Mientras se desarrolla la operación y vamos conociendo los resultados me gustaría hacer una nueva reflexión sobre el efecto que el pogromo y las reacciones al pogromo tendrá en la relación de los israelíes, y de los judíos en general, con el resto del mundo.
El más obvio parece manifestarse ya y es el desengaño de las esperanzas de normalidad que podrían haberse colmado con la consecución del Estado. Parte del impulso inicial del sionismo obedecía a esa voluntad de normalidad. Si tenemos un Estado con policía y ladrones, con militares, fiscales y funcionarios mediocres, todos judíos, que animan a su selección cuando hay fútbol, podremos ser un país más en el concierto de las naciones. El Estado tenía que haber puesto fin a la milenaria condición judía de chivo expiatorio de guardia, pero no ha sido así.
Muchos israelíes, y la mayoría de judíos de la diáspora, se empeñaron durante décadas en atribuir este trato especial que se le reserva a Israel como nuevo judío colectivo al estado constante de guerra en la región y a las formas destempladas de sus halcones. El 7-0 y sus reverberaciones, en las calles polvorientas de las ciudades árabes y sobre el césped bien cuidado de los campus de EEUU, parecen estar apartando a muchos de esta idea.
En primer lugar, el estado de guerra en que vive Israel es consecuencia, y no causa, del odio al judío generalizado en el mundo árabe. Y la antipatía patológica a Israel es a los israelíes y no a los nacionalistas religioso o a los colonos. Las víctimas de las brutales atrocidades de Hamás en su razzia genocida en el sur no eran ninguna de estas categorías demonizadas, sino familias a veces tirando a hippies y jóvenes pacifistas que se divertían en una rave. Tampoco ellos merecieron la simpatía de los medios ni de una parte sustancia de la opinión pública extranjera.

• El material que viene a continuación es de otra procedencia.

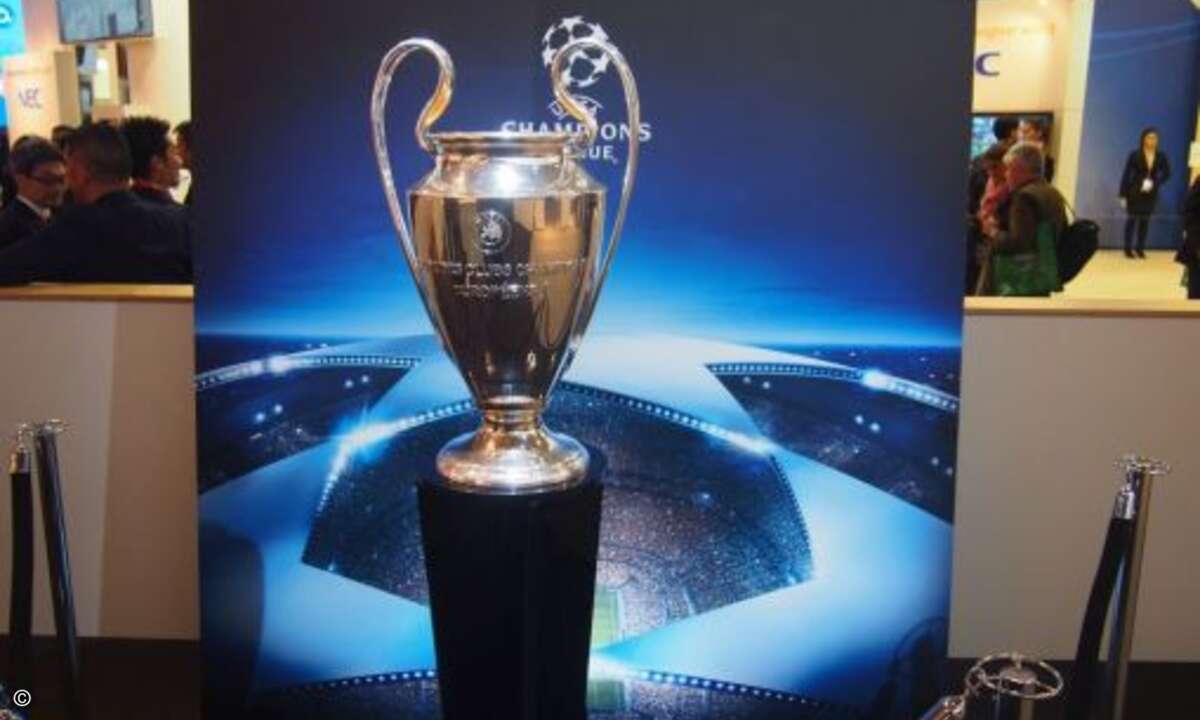 Champions League-Sponsor Sony ließ es sich nicht nehmen, den Henkelpott am Stand auszustellen (Foto: CRN)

La constatación sólo puede suponer un Israel no más replegado en sí mismo, sino crecientemente indiferente a las modas y las opiniones del mundo occidental en el que muchos pensaban que podían encajar sin renegar de su judaísmo. (Un primer signo muy concreto de eso ha sido sacar a Greta Thunberg, que expresó el otro día su apoyo “a Gaza”, de los libros de texto israelíes. La pregunta es, obviamente, qué hace Greta en los libros de texto de cualquier país.)

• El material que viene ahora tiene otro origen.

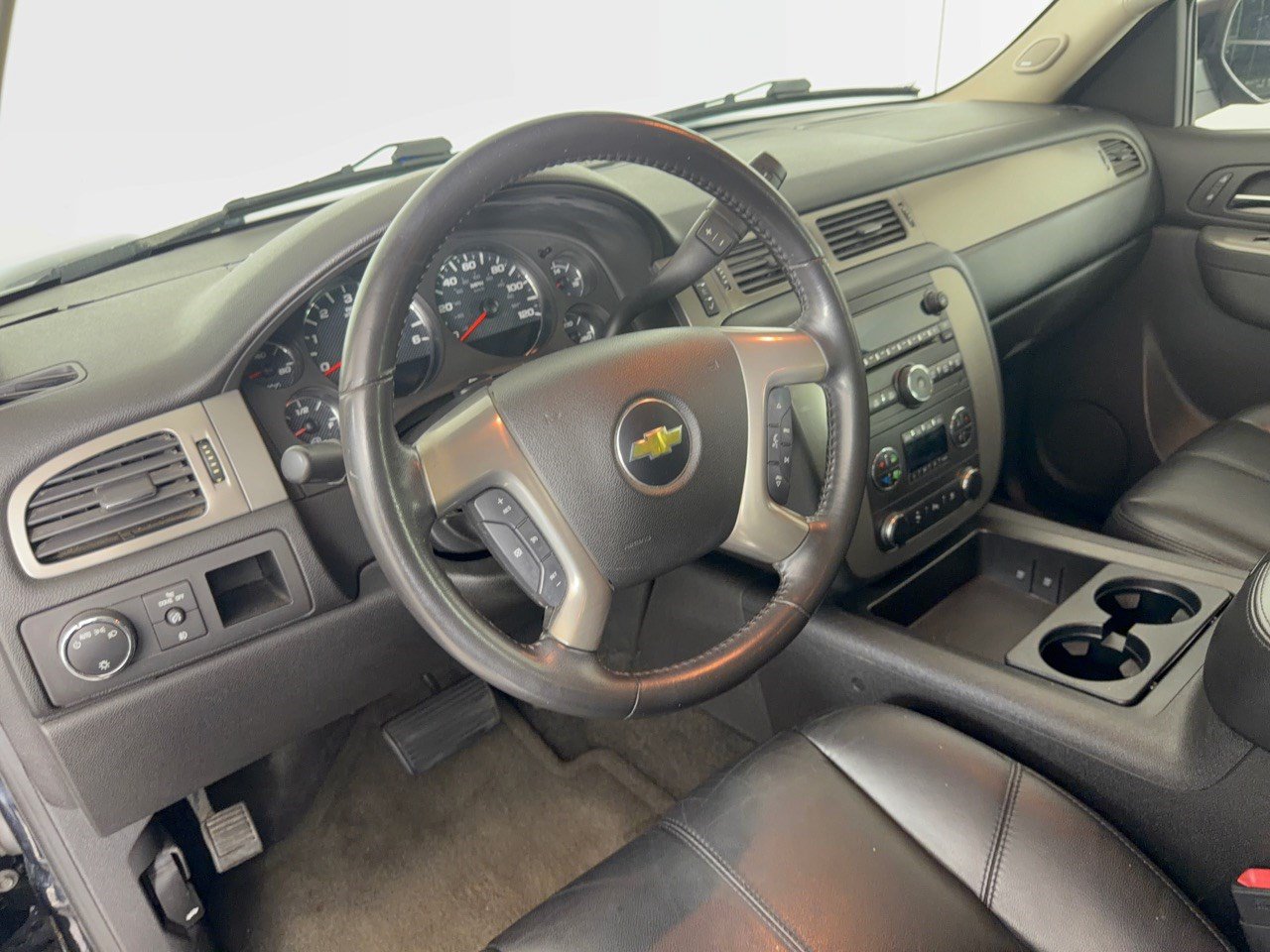 Used 2011 Chevrolet Avalanche LT w/ Luxury Package RWD image 4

Esta tendencia podría reducir también, del lado secular y más escorado a la izquierda, la animosidad entre israelíes que ha caracterizado la vida pública del país en los últimos años. Uno de los reproches centrales que el Israel progresista le hace al conservador tiene que ver con la mala prensa que le da al país su mitad menos alineada a las tendencias del resto del mundo civilizado. El tratamiento de las principales instituciones globales progresistas al pogromo y a la guerra que libra Israel para castigarlo alienarán a muchos judíos de los tótems que abrazaron.

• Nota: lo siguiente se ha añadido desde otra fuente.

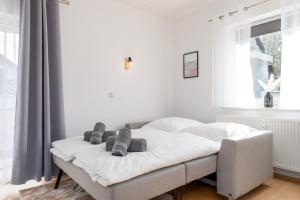 Harmony: Edersee Apartment – Sperrmauer – Lounge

Estos acontecimientos también están teniendo efectos en la diáspora. Muchos judíos progresistas se han dado cuenta de que no pueden compartir tribu con quienes les ven como víctimas inevitables en el camino a la liberación interseccional de los pueblos. Cada día vemos en Twitter cómo aumenta el reguero de deserciones, que debería traducirse en la retirada de donaciones millonarias a universidades, museos y medios que promueven o blanquean la causa antisionista y en la fuga de cerebros, hacia opciones de progresismo humanista y racional como la que representa Bari Weiss, de los muchos intelectuales judíos que hicieron avanzar, a costa de su propia seguridad e integridad física, la agenda del anticolonialismo neocomunista woke.